(Brief descriptive captions)
★ ★ ★ ★

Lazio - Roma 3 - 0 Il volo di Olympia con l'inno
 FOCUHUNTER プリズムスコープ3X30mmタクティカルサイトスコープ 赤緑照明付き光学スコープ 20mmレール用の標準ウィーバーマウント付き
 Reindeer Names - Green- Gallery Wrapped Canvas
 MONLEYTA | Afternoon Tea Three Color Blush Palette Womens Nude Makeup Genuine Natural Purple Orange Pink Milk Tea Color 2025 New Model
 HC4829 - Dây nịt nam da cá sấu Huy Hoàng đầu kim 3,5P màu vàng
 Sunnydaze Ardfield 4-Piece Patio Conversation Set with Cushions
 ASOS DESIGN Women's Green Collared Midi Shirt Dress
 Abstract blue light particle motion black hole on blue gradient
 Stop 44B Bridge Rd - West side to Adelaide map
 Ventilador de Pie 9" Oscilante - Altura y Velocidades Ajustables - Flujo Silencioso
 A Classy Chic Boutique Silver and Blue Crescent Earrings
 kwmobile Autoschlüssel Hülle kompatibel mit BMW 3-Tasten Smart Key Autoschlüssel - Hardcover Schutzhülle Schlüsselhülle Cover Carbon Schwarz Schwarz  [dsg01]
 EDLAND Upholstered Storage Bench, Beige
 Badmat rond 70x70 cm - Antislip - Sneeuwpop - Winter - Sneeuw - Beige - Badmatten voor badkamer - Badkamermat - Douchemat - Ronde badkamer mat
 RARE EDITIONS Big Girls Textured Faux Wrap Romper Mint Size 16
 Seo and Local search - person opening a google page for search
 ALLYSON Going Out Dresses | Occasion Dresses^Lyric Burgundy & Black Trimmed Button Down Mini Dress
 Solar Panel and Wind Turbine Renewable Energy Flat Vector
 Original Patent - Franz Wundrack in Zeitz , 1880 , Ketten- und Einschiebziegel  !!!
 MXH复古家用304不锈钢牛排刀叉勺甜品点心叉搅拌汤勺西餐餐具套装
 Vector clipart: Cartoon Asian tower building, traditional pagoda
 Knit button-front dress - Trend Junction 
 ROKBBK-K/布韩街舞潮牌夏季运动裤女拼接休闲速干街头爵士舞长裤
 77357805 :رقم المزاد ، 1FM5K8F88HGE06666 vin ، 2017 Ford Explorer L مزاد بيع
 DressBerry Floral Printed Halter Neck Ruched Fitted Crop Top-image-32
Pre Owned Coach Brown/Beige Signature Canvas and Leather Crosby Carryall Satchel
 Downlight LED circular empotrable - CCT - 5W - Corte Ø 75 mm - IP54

★ ★ ★ ★

**Exercise goal:** Could you restate word for word the lines above from the one containing "Reindeer Names - Green- Gallery" through the one containing "Ventilador de Pie", both included, and nothing else?

**Problem solution:**
 Reindeer Names - Green- Gallery Wrapped Canvas
 MONLEYTA | Afternoon Tea Three Color Blush Palette Womens Nude Makeup Genuine Natural Purple Orange Pink Milk Tea Color 2025 New Model
 HC4829 - Dây nịt nam da cá sấu Huy Hoàng đầu kim 3,5P màu vàng
 Sunnydaze Ardfield 4-Piece Patio Conversation Set with Cushions
 ASOS DESIGN Women's Green Collared Midi Shirt Dress
 Abstract blue light particle motion black hole on blue gradient
 Stop 44B Bridge Rd - West side to Adelaide map
 Ventilador de Pie 9" Oscilante - Altura y Velocidades Ajustables - Flujo Silencioso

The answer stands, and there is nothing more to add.